Reading Rear Carburetor
We fired the engine, held the flowmeter on top of the rear carburetor, and took a reading. Now, we will confess we aren’t exactly sure what the meter numbers mean, but we do know we want the exact same number from both carburetors. We made a note of the reading and then tested the front carburetor and noticed that the carburetor was flowing a good bit less air than the rear carburetor. With the flowmeter back on the rear carb, we backed the idle speed screw out (counterclockwise); this lowered the airflow in the rear carburetor to a number closer to the front carb. It also lowered the idle. Next, we moved the flowmeter to the front carburetor and turned that idle speed screw in (clockwise) to raise the idle a bit, thereby increasing the airflow to match the front carburetor. We went back and forth several times until we had the flow exactly the same on both carburetors.

Idle Speed Adjustment
We checked our idle speed and found it was a bit high. Once again, we synchronized the carburetors with the flowmeter as we lowered the idle speed. This was achieved by adjusting both carburetor idle screws until we had the desired idle along with perfectly matched flow.
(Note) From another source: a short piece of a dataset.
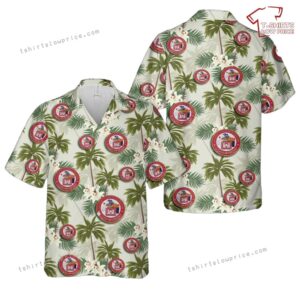 US Army Corps Of Engineers Los Angeles District Hawaiian Shirt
Ultimately, our Flathead idled smoothly at 600 rpm with perfectly synchronized carburetors. Next, we carefully adjusted the linkage rod to connect the two carburetors. We checked the flow to be sure the rod had not affected our airflow. Then, the throttle was connected back to the gas pedal, air filters were installed, and it was time for a test drive. We were amazed at how smoothly the engine ran through the rpm range. There was no “flat spot,” no tailpipe popping, just raw, unbridled Flathead power.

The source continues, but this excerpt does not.